● **TASK DETAILS**:
Starting at the first line of the records below, reproduce every line up to and including the line with "4605 Crestwood Drive Little Rock, AR 72207", but leave out all pictures.

--------

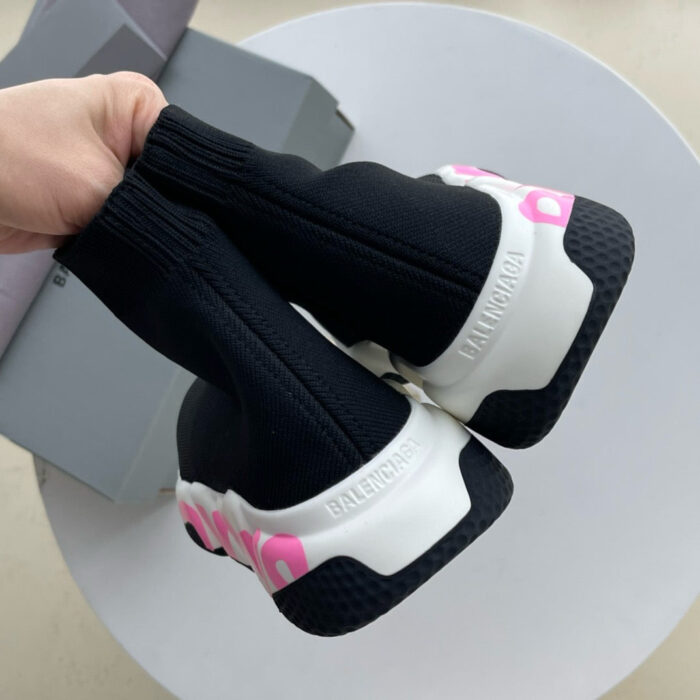 Scarpe sock boots nere con suola bianca e logo rosa luminoso, stile moderno e alla moda.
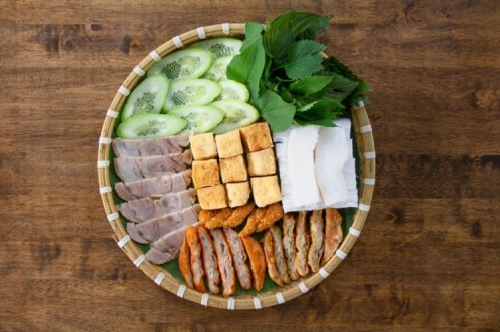 lang vong bun dau mam tom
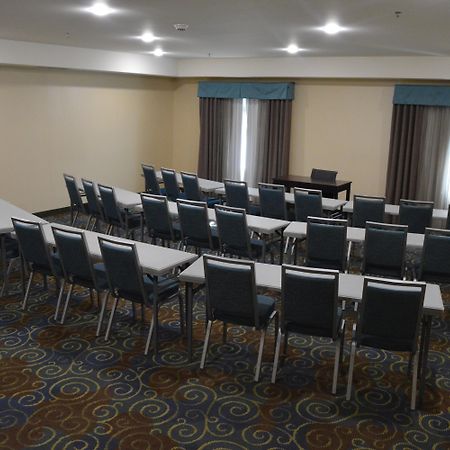 Holiday Inn Express Yorkton East By Ihg Exterior foto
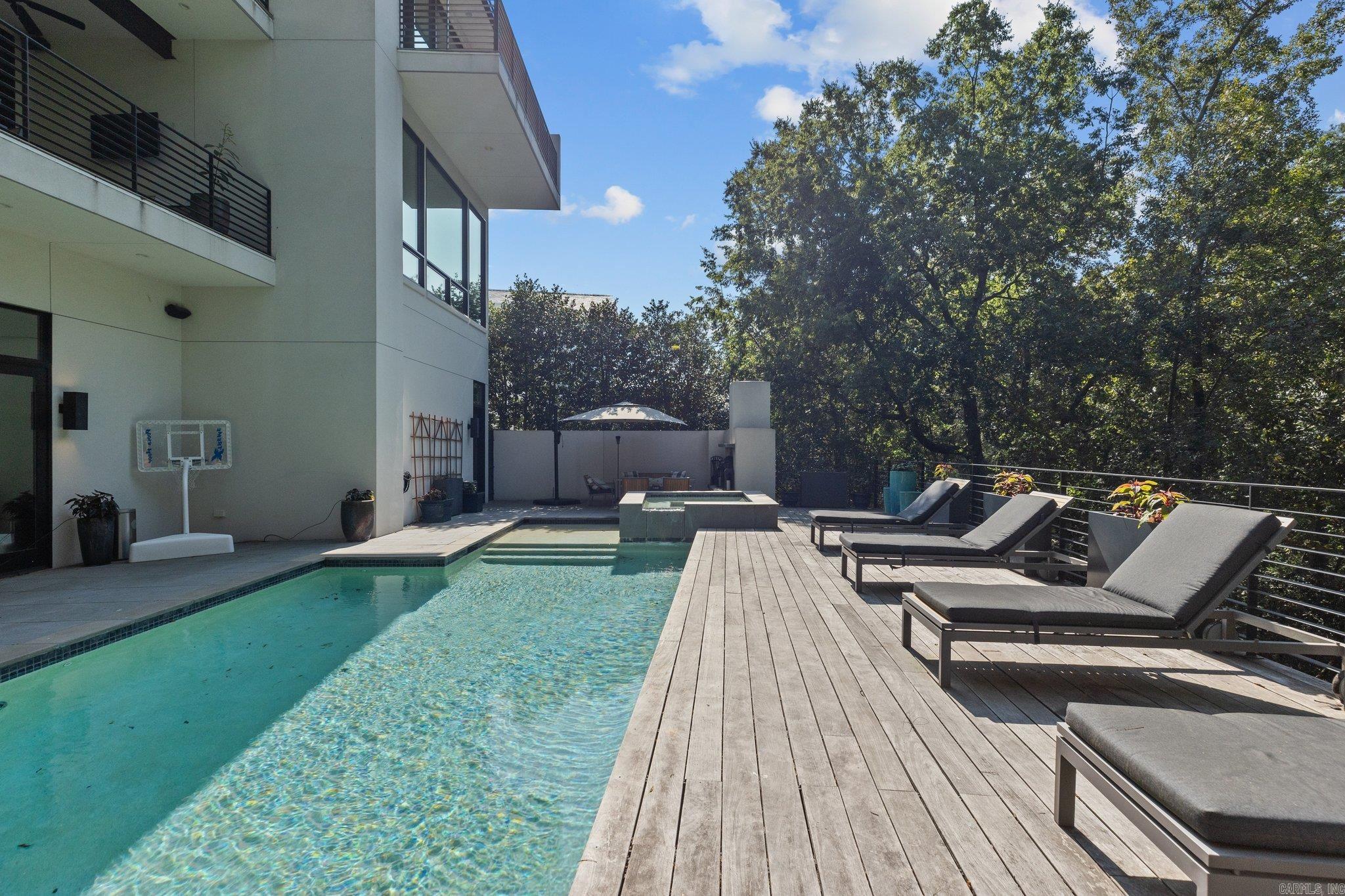 4605 Crestwood Drive Little Rock, AR 72207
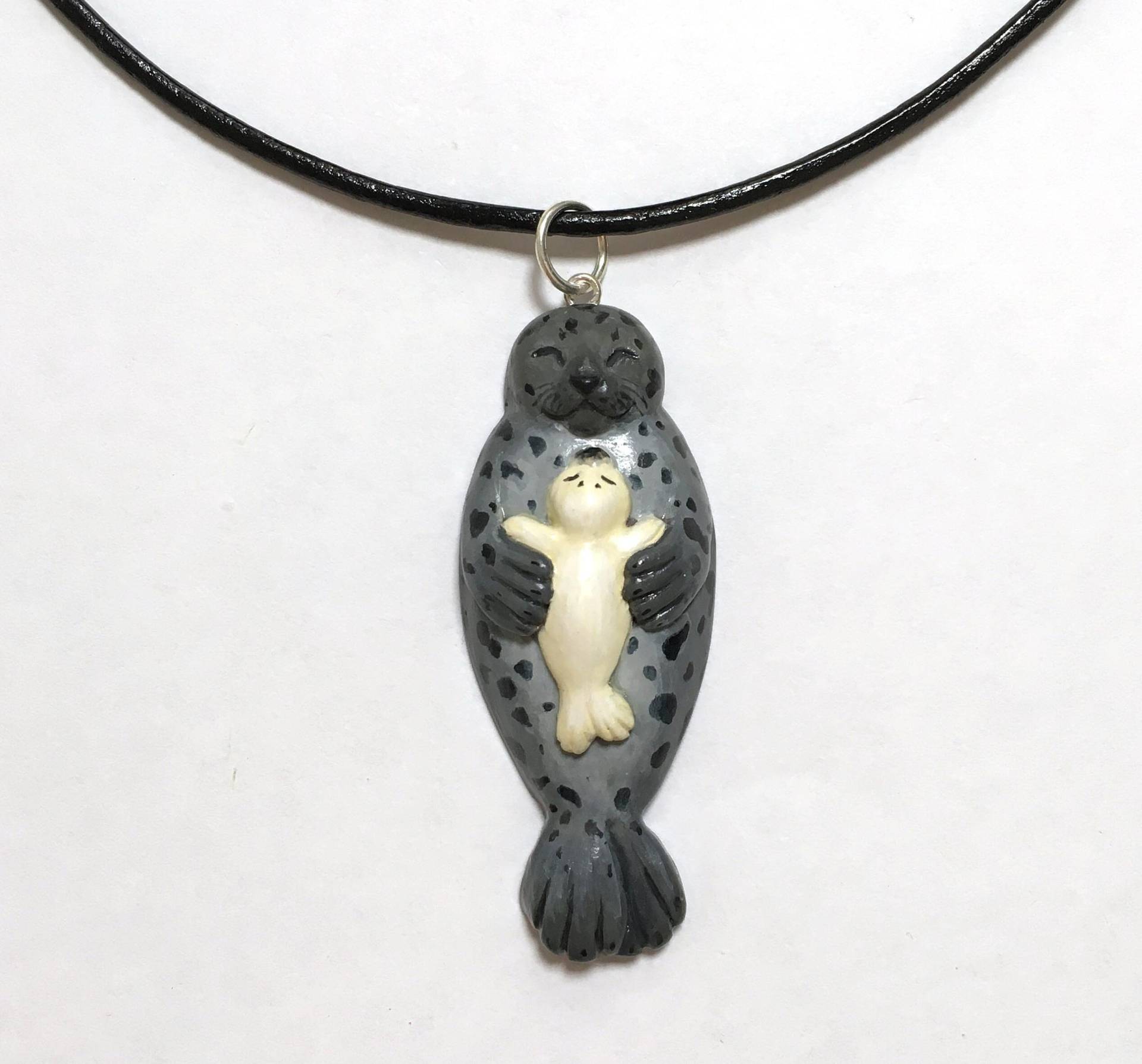 Fimo Siegel Umarmt Halskette, Mutter Und Baby Tier Schmuck, Neue Geschenk, Robbe Charme Fimo Siegel Umarmt Halskette, Mutter Und Baby Tier Schmuck, Neue Geschenk, Robbe Charme von LittleBlueSeal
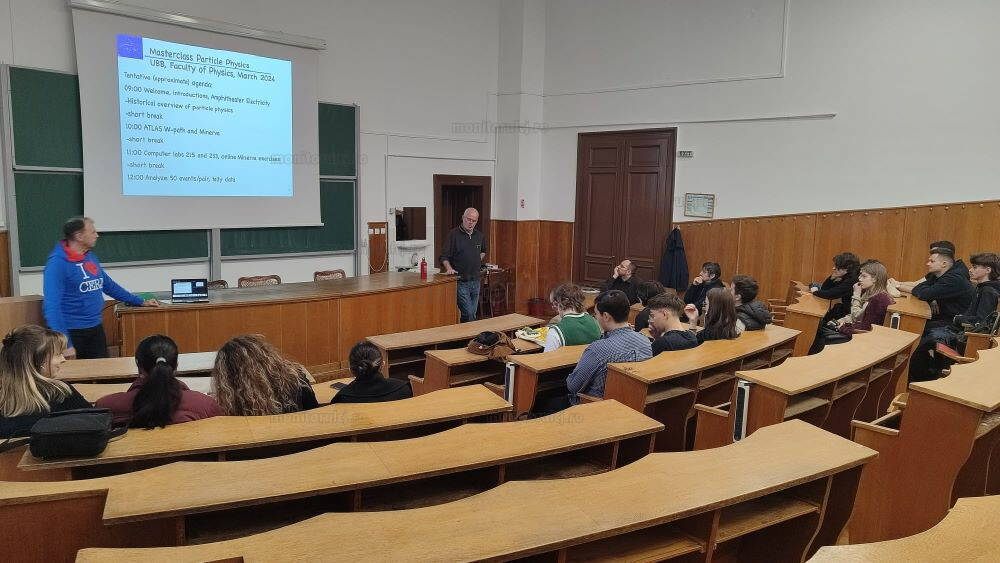 Zeci de elevi clujeni au avut ocazia să își aprofundeze cunoștințele despre fizica particulelor, în cadrul unui masterclass internațional/ Foto: monitorulcj.ro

--------

● **ANSWER TO THIS EXERCISE**:
 Scarpe sock boots nere con suola bianca e logo rosa luminoso, stile moderno e alla moda.
 lang vong bun dau mam tom
 Holiday Inn Express Yorkton East By Ihg Exterior foto
 4605 Crestwood Drive Little Rock, AR 72207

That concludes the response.